TASK DATA:
^^^^

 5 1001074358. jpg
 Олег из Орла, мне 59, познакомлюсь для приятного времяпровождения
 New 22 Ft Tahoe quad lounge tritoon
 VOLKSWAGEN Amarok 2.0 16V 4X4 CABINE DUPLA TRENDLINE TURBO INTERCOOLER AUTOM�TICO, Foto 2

^^^^

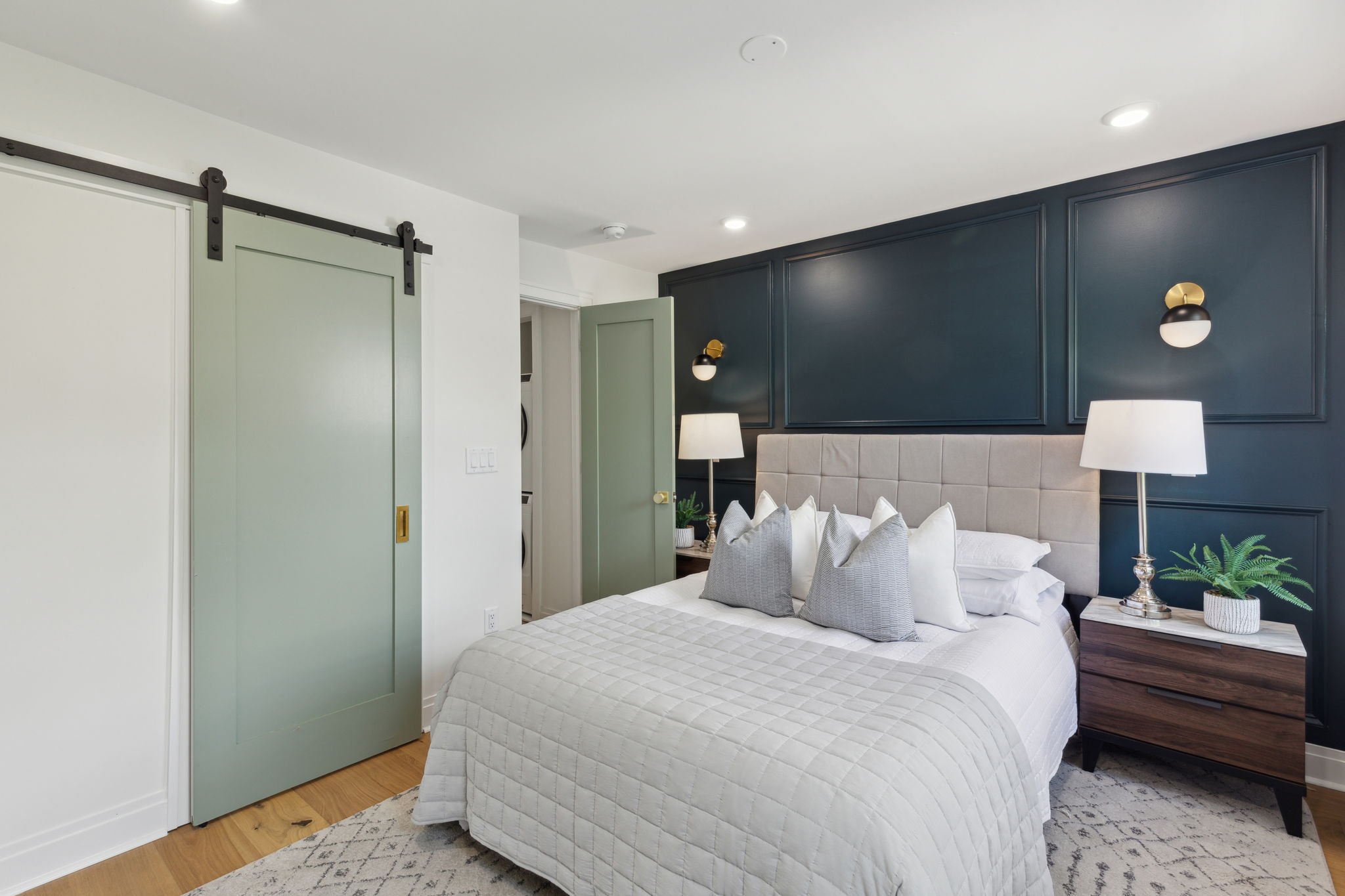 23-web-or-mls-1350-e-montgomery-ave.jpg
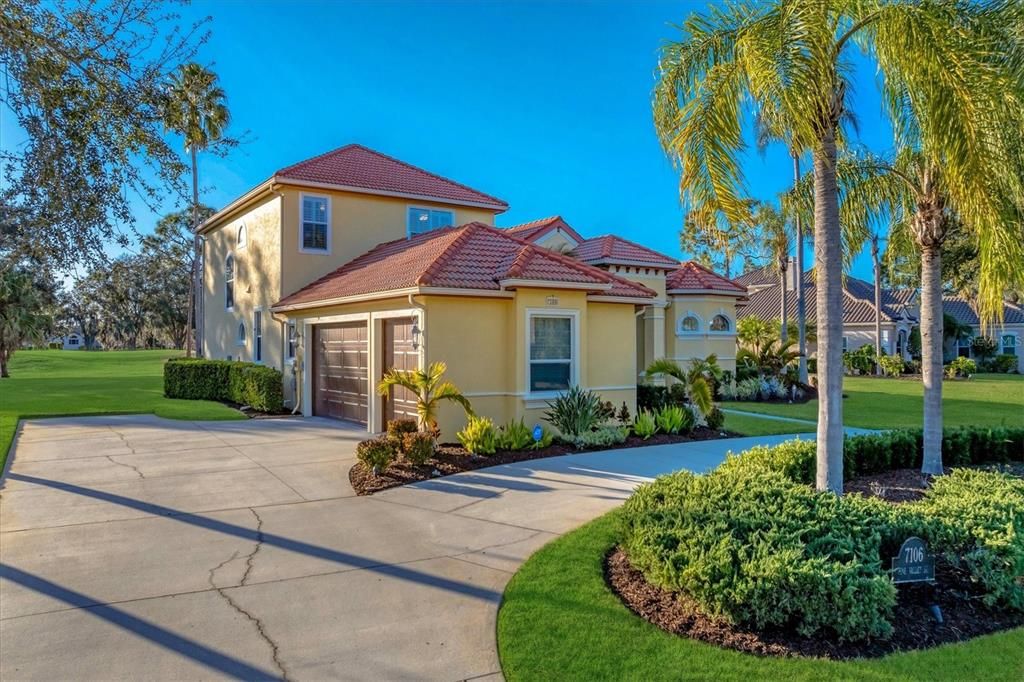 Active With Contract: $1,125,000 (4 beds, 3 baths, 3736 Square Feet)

^^^^

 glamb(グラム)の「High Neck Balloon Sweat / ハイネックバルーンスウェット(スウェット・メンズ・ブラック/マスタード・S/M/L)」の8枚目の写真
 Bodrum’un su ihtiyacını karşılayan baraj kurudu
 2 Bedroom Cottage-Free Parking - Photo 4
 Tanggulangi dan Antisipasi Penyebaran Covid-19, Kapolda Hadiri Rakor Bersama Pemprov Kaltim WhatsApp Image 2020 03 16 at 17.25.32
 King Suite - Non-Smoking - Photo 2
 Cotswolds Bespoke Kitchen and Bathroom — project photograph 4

^^^^

EXERCISE DESCRIPTION:
All lines in the data above from the one with "glamb(グラム)の「High Neck Balloon" through the one with "2 Bedroom Cottage-Free Parking - Photo 4" must be repeated exactly, and no others.

RESPONSE TO THE EXERCISE:
 glamb(グラム)の「High Neck Balloon Sweat / ハイネックバルーンスウェット(スウェット・メンズ・ブラック/マスタード・S/M/L)」の8枚目の写真
 Bodrum’un su ihtiyacını karşılayan baraj kurudu
 2 Bedroom Cottage-Free Parking - Photo 4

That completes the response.